ILS Colloquium

Agenda

19 February 2015
15:30 - 17:00
Academiegebouw, Kanunikkenzaal

Yoad Winter

Predicates that behave like quantifiers – the case of lexical reciprocity

Universiteit Utrecht, UiL-OTS

One of the biggest challenges for semantic theory is to distinguish predicates from quantifiers. Here are some typical puzzles of this sort:

  • Generics: do sentences like “dogs bark” involve predication over a “kind” or quantification over individuals? [Carlson & Pelletier 1995]
  • Distributivity: do sentences like “the dogs barked” involve predication over a plurality or quantification over singularities? [De Vries 2015]
  • Locative indefinites: do constructions like “far from a gas station” involve predication over a location or quantification over entities? [Mador-Haim & Winter 2015]

In this talk I will address another challenge of this sort, suggest a solution, and put it in the large context of the tension between formalism and lexicalism in semantics.
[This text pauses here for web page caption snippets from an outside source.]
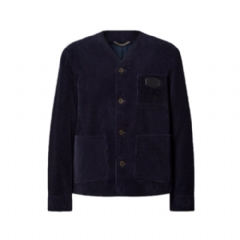 Louis Vuitton Men Corduroy Collarless Jacket 1AJBO0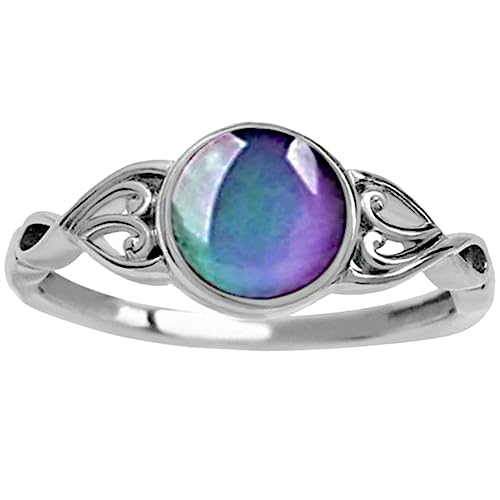 MAJORMENCH Stimmungsring Damen Temperatur Farbwechsel Ring Unisex Emotion Ring für Frauen und Chic Komfortabel Langlebig zu Feiertagen Geburtstag von MAJORMENCH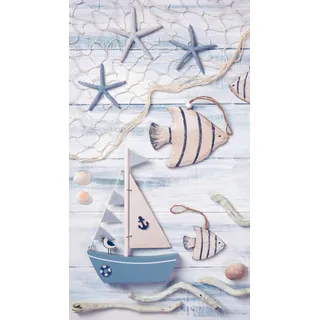 Good Morning Maritim Strandtuch 100 x 180 cm blau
My main claim is that lexical accounts are often advantageous to formal ones. This opens up exciting new areas of research on concepts, relevant for both linguists and psychologists.

The case of lexical reciprocity. Predicates like “meet”, ”cousin”, and ”similar” have a unary guise and a binary guise, roughly related through reciprocity (Dimitriadis 2008). For instance, “A and B met” means more or less the same as “A and B met each other”. How should ‘more or less’ be analyzed? Is one of the two meanings derived from the other? If so, how, and which one of them is basic? In a new theory of this alternation, I will classify two lexical semantic types of ‘reciprocity’. In one type, binary predicates are lexically derived from collective ones by a logical rule. In another type, the alternation is analyzed by Searle’s (1990) notion of *collective intentionality*. The proposal generalizes an old observation that sentences like “A,B and C agree” are irreducible to reciprocal quantification. Further, it illuminates the familiar but previously unruly connections between lexical reciprocity and logical symmetry. Finally, new Hebrew data show advantages of our lexical approach over derivational analyses of reciprocal comitatives.

References

Carlson, G. N. & Pelletier, F. J. (1995), The Generic Book, University of Chicago Press, Chicago.
De Vries, H. (2015), Shifting Sets, Hidden Atoms: the semantics of distributivity, plurality and animacy, PhD thesis, Utrecht University. in prep.
Dimitriadis, A. (2008), Irreducible symmetry in reciprocal constructions, in E. Konig & V. Gast, ed., `Reciprocals and Reflexives: Theoretical and Typological Explorations’. Mouton de Gruyter, Berlin.
Mador-Haim, S. & Winter, Y. (2015), Far from obvious: the semantics of locative indefinites. To appear in Linguistics & Philosophy.
Searle, J. R. (1990), Collective intentions and actions, in P. R. Cohen, J. Morgan & M. E. Pollack, eds, `Intentions in communication’, pp. 401-416. MIT Press, Cambridge, Mass.